IOP increased significantly (p<0.001) from 16.08 (±3.28) mm Hg (range 12–26 mm Hg) preoperatively to a mean maximum of 26.1 (±11.79) mmHg (range 15–80 mm Hg) postoperatively. An IOP rise to values higher than 21 mm Hg was observed in 28 (53.8%) eyes. Elevation of IOP rise occurred 7.5 weeks (±7.07) after the injection. In all but one eye, IOP could be lowered to the normal range with topical medication, without development of glaucomatous optic nerve head changes. In the eye with an elevation of IOP to 80mmHg, an A/C tap was performed resulting in an effective reduction in pressure to 21 and then to a final IOP of 12. All five patients (11.9%) with a family history of glaucoma developed an IOP rise above the mean maximum level.

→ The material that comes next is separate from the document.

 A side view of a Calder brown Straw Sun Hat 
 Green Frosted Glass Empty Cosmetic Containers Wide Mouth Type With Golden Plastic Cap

After intravitreal injections of 4 mg of triamcinolone acetonide, an IOP elevation greater than 21 mmHg developed in 53.8% of eyes, starting on average 7.5 weeks after the injection. In the vast majority, IOP was normalised by topical medication alone about 6 months after the injection. A family history of glaucoma may be a predisposition to a greater than average IOP rise following IVTA.